Tutty Moreno em ação, cores e ritmos...

Rodolfo Stroeter, cumplicidade musical e pensamento...

E Hélio Alves, nosso fabuloso solista.

Com este trio os planos vão até 2013, numa tour européia já marcada para abril. Muito bom trabalhar com músicos criativos, ainda mais quando há cumplicidade, admiração e amizade. Boba é uma amiga minha, estrela da canção, que demitiu seu pianista, por ele ter tido destaque demais na crítica de um show dela. "Meus" músicos (não sou dona de ninguém, isso é maneira de dizer) aparecem tanto ou mais que eu, e eu acho ótimo!


sexta-feira, outubro 14, 2011

Justiça


Todo meu apoio às passeatas anticorrupção que estão acontecendo aos poucos pelo país. O mundo todo, na verdade, se move, e cada um com seus problemas: a Primavera Árabe, que deu certo em alguns países e em outros não; os protestos nas praças da Espanha e da Grécia contra a política econômica; os indignados da Itália, com seu premier que só lhes traz vergonha; os protestos da segunda geração de imigrantes na França; o povo que está ocupando Wall Street, em Nova York, gritando contra o capitalismo selvagem. E em Londres a coisa saiu das medidas e virou vandalismo puro.

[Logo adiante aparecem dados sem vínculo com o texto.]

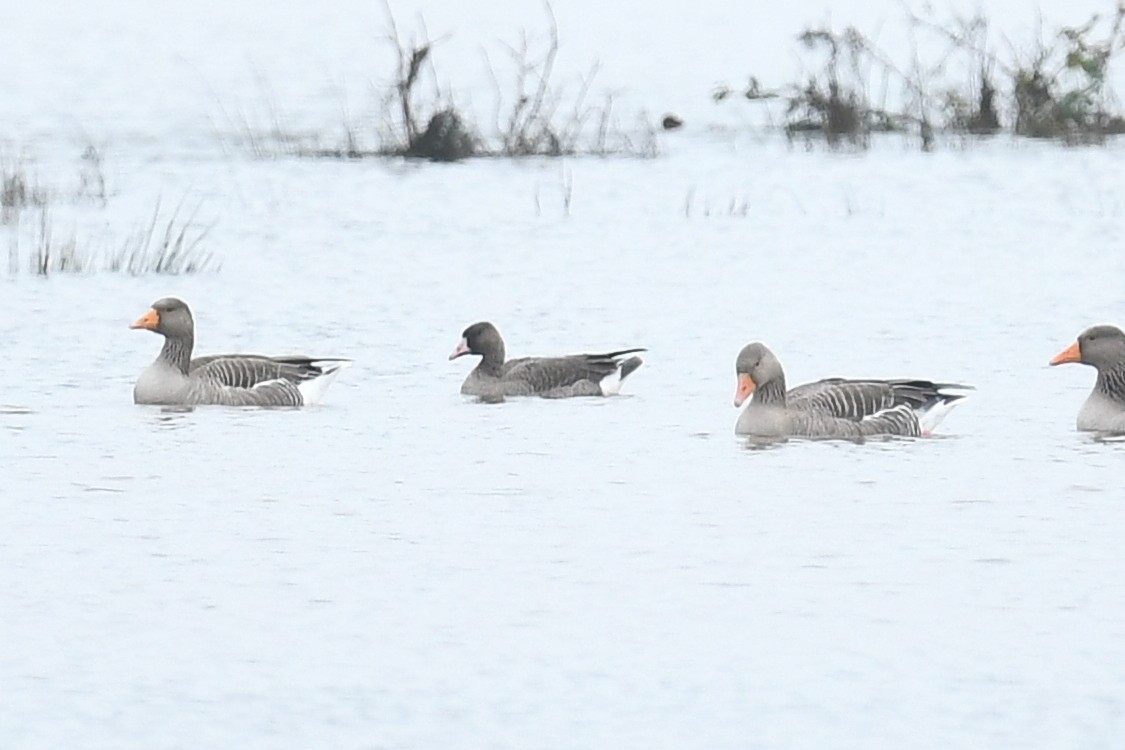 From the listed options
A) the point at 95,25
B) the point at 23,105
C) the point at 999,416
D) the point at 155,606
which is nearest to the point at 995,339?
the point at 999,416

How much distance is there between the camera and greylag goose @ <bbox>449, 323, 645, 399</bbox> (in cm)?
1468

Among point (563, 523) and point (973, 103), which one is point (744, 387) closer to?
point (563, 523)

Como na canção do Chico, "cidadãos inteiramente loucos, com carradas de razão".

(Vejam o filme de Michael Moore, 'Capitalismo - Uma História de Amor'. É muito bom e explica as coisas direitinho. Outros filmes sobre a crise que começou em 2008: 'Internal Job' e 'Margin Call', ambos americanos e de ficção (ou dramatização dos fatos.)

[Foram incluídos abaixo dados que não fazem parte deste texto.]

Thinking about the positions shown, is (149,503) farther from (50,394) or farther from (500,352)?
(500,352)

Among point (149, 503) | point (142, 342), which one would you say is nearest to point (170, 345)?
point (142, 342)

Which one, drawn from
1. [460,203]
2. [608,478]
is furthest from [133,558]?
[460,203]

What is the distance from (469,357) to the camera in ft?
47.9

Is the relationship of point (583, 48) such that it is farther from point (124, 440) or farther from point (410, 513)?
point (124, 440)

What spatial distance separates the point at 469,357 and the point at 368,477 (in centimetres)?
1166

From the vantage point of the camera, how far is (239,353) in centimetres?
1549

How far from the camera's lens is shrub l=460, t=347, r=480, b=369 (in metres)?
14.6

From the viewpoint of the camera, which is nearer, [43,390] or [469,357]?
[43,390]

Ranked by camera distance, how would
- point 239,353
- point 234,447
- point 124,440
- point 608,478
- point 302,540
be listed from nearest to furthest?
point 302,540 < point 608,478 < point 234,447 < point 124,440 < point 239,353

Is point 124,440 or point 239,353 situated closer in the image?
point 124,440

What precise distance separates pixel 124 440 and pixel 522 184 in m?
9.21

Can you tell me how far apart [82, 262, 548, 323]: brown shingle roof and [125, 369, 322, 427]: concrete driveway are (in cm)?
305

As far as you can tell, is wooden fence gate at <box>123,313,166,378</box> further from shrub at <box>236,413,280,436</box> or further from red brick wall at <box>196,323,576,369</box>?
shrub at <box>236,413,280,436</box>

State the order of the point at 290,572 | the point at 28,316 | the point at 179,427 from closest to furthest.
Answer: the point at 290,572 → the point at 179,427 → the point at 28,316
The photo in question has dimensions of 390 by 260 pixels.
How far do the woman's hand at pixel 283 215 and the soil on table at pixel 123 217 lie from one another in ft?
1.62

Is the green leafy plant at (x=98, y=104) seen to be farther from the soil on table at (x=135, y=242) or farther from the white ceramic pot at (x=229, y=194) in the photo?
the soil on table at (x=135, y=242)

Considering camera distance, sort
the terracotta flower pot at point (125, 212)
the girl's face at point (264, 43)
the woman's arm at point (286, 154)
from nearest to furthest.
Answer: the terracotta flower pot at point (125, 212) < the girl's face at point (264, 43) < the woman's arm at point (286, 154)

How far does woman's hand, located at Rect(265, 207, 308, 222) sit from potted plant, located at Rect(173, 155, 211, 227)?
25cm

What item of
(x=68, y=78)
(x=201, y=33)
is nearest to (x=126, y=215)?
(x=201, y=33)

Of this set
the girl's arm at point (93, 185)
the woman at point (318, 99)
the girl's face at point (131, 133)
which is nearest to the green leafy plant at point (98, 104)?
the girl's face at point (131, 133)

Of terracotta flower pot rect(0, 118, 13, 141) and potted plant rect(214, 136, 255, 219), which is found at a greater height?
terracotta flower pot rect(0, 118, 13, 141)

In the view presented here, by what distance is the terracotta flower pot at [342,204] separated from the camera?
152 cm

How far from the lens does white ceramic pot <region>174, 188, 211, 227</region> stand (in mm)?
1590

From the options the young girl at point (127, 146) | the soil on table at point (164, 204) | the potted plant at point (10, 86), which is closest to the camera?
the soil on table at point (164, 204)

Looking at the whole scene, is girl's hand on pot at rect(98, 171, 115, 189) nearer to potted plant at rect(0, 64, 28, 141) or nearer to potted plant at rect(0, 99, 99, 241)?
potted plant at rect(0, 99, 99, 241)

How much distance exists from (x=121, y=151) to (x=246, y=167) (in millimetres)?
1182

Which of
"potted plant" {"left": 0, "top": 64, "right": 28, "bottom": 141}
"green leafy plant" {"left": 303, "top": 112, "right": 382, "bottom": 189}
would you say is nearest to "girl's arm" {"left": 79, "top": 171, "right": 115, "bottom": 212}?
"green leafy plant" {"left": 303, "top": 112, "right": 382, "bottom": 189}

Nossos problemas são outros. À nossa maneira, vamos tentando protestar contra os desmandos que ocorrem por aqui, onde pagamos impostos absurdos, dos maiores no mundo, e não temos direito a nada. Saúde, educação, segurança, infraestrutura - dá vontade de fazer papel de louca e partir para a desobediência civil, como queria Thoreau. Mas a pergunta continua sendo por que não conseguimos mobilizar as pessoas contra a corrupção. As pessoas são mobilizáveis, isso tem sido dito o tempo todo na imprensa e nas rodas de conversa: passeatas religiosas ou por direitos civis (incluo os gays e a liberalização da maconha nisto) conseguem, sim, mobilizar multidões. Mas no outro dia mesmo uma minguada assembleia de 2.500 pessoas protestava na Cinelândia, no centro do Rio, contra os políticos corruptos. É muito pouco.

Há uma certa anestesia política hoje no Brasil. Estamos satisfeitos porque todos temos pelo menos um celular, acesso ao crédito, uma melhorazinha de vida. Isso significa que alguém está comprando nosso silêncio.

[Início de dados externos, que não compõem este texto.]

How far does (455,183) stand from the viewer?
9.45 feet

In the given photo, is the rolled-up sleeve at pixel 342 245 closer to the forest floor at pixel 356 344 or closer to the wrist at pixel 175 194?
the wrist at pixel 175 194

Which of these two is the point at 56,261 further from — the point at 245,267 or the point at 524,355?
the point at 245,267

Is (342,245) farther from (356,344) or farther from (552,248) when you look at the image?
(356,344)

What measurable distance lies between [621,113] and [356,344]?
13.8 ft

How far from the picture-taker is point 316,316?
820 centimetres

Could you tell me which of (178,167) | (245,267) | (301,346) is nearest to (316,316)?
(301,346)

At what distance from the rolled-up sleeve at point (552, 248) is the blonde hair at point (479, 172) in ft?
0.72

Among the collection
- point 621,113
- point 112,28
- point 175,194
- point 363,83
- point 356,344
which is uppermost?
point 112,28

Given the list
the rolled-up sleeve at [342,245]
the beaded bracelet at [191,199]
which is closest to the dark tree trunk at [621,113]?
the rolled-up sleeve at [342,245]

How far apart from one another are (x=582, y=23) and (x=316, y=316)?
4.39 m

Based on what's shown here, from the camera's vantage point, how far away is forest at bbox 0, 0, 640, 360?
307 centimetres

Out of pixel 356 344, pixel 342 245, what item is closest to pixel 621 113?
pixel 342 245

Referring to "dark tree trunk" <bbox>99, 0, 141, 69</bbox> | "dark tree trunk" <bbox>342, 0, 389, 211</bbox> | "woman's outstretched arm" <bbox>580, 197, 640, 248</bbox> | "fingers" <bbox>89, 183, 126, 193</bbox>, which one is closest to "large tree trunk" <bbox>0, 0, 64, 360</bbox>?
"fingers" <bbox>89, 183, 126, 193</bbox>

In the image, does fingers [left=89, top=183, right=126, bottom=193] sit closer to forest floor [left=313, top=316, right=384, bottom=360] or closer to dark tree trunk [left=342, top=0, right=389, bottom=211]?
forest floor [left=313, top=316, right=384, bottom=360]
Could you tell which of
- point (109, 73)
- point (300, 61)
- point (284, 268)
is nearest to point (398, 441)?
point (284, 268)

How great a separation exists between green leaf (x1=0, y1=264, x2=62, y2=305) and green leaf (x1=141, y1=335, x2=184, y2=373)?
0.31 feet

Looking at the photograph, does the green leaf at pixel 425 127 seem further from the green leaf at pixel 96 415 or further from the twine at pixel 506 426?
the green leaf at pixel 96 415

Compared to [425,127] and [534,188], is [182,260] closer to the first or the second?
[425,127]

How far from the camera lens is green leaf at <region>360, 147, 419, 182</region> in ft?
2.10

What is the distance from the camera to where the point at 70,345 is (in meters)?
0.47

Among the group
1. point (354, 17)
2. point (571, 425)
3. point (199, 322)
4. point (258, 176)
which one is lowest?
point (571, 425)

quarta-feira, outubro 12, 2011

dia da criança


"Antigamente quando eu me excedia
Ou fazia alguma coisa errada
Naturalmente minha mãe dizia
'Ele é uma criança, não entende nada'
Por dentro eu ria, satisfeito e mudo
Eu era um homem, entendia tudo
Hoje, só com meus problemas,
Rezo muito, mas eu não me iludo
Todos me dizem, quando fico sério
'Ele é um homem e entende tudo'
Por dentro, com a alma atarantada,
Eu sou uma criança, não entendo nada..."

("Sou Uma Criança, não Entendo Nada" - Erasmo Carlos/Ghiaroni)


domingo, outubro 09, 2011

família brasileira

O ano era 1958 - Brasil campeão do mundo no futebol, no tênis, no boxe. A bossa-nova nascendo. Brasília em construção. A taça do mundo era nossa, em quase tudo.

A cidade da foto, São Paulo: o quintal da casa de meus tios na rua Indiana, Brooklyn Novo. Foi quando minha avó Odília se fez fotografar com a quase totalidade de seus netos - digo quase porque faltava nascer a neta mais nova. Mas ali estamos nós todos: eu, meus irmãos, meus primos e primas. Dois desta foto já partiram, um cedo demais, outro talvez mais cedo do que poderia.

Quem quiser pode tentar adivinhar quem sou eu. É fácil. Não mudei muito, não. Hoje eu é que faço o papel de avó na família que construí. Tenho menos netos que a vó Odília, mas isso não quer dizer muita coisa: ela teve o dobro de filhos do que eu. Nesta foto ela teria três anos a mais do que tenho hoje, e seu principal interesse era fazer pastéis, tricô e crochê. Mas era espírita, assim como eu, e amiga pessoal de Chico Xavier, cujo centro começou a frequentar depois do desaparecimento do navio do meu avô na 2º Guerra.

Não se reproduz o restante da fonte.